◆ **PROBLEM**: Among the entries below, one stretch runs from the line that contains "View of a car side mirror with condensation" through the line that contains "Paper posted of". Repeat that stretch exactly, ends included, and only that.

◆ **LISTED ENTRIES**:
------------------------------------

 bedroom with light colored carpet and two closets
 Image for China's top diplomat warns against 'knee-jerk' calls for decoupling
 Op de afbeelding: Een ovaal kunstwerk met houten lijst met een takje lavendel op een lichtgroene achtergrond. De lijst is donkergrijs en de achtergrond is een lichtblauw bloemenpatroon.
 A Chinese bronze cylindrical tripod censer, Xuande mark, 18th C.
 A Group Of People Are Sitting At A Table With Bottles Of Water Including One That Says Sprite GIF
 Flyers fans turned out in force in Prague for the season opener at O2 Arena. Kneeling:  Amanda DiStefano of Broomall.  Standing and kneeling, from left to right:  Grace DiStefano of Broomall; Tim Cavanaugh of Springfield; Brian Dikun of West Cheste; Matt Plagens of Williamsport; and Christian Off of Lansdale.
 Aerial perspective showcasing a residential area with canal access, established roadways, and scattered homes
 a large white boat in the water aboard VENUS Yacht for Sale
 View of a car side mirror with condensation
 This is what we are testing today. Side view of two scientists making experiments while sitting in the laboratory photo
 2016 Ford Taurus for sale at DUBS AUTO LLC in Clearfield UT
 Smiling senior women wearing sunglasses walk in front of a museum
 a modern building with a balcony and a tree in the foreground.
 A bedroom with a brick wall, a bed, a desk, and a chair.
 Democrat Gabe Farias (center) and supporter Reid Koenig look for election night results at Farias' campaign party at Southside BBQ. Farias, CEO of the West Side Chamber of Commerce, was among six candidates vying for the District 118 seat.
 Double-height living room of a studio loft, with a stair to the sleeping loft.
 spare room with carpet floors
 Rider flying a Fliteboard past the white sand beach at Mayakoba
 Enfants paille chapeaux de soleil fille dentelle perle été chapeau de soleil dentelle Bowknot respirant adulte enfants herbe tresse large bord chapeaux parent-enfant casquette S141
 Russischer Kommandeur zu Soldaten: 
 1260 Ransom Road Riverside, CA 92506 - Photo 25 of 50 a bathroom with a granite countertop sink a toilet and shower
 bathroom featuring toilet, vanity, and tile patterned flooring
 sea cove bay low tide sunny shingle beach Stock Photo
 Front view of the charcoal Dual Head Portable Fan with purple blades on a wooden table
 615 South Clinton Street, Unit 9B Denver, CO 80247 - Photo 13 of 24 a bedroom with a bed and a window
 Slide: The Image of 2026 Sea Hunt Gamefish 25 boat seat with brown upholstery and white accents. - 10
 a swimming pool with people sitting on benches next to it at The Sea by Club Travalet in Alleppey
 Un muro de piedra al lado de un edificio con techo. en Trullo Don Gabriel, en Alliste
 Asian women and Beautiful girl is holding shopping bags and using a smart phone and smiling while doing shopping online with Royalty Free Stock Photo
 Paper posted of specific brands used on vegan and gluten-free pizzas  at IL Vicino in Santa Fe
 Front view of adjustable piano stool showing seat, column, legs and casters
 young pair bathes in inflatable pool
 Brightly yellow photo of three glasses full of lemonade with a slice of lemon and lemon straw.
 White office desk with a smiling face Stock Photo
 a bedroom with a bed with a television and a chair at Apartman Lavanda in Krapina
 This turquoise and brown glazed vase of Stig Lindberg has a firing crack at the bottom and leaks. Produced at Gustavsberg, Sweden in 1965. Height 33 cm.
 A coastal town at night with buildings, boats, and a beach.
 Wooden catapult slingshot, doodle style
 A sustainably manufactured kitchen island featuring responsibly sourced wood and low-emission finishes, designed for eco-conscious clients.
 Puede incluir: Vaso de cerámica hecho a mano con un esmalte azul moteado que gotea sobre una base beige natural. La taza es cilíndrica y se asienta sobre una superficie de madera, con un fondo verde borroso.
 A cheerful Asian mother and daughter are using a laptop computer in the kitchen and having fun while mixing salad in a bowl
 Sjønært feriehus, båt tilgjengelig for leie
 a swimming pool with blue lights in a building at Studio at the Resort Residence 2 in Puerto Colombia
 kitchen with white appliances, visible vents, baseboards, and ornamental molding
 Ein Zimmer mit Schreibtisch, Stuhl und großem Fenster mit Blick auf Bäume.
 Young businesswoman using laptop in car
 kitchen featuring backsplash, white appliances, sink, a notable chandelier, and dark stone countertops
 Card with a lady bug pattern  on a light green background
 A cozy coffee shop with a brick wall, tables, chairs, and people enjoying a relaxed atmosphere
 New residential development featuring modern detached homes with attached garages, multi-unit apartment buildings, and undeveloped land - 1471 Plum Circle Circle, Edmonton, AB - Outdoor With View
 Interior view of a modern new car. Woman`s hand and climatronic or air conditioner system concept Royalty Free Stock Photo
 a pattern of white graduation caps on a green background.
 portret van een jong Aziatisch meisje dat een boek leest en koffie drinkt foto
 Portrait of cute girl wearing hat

------------------------------------

◆ **ANSWER FOR THIS EXERCISE**:
 View of a car side mirror with condensation
 This is what we are testing today. Side view of two scientists making experiments while sitting in the laboratory photo
 2016 Ford Taurus for sale at DUBS AUTO LLC in Clearfield UT
 Smiling senior women wearing sunglasses walk in front of a museum
 a modern building with a balcony and a tree in the foreground.
 A bedroom with a brick wall, a bed, a desk, and a chair.
 Democrat Gabe Farias (center) and supporter Reid Koenig look for election night results at Farias' campaign party at Southside BBQ. Farias, CEO of the West Side Chamber of Commerce, was among six candidates vying for the District 118 seat.
 Double-height living room of a studio loft, with a stair to the sleeping loft.
 spare room with carpet floors
 Rider flying a Fliteboard past the white sand beach at Mayakoba
 Enfants paille chapeaux de soleil fille dentelle perle été chapeau de soleil dentelle Bowknot respirant adulte enfants herbe tresse large bord chapeaux parent-enfant casquette S141
 Russischer Kommandeur zu Soldaten: 
 1260 Ransom Road Riverside, CA 92506 - Photo 25 of 50 a bathroom with a granite countertop sink a toilet and shower
 bathroom featuring toilet, vanity, and tile patterned flooring
 sea cove bay low tide sunny shingle beach Stock Photo
 Front view of the charcoal Dual Head Portable Fan with purple blades on a wooden table
 615 South Clinton Street, Unit 9B Denver, CO 80247 - Photo 13 of 24 a bedroom with a bed and a window
 Slide: The Image of 2026 Sea Hunt Gamefish 25 boat seat with brown upholstery and white accents. - 10
 a swimming pool with people sitting on benches next to it at The Sea by Club Travalet in Alleppey
 Un muro de piedra al lado de un edificio con techo. en Trullo Don Gabriel, en Alliste
 Asian women and Beautiful girl is holding shopping bags and using a smart phone and smiling while doing shopping online with Royalty Free Stock Photo
 Paper posted of specific brands used on vegan and gluten-free pizzas  at IL Vicino in Santa Fe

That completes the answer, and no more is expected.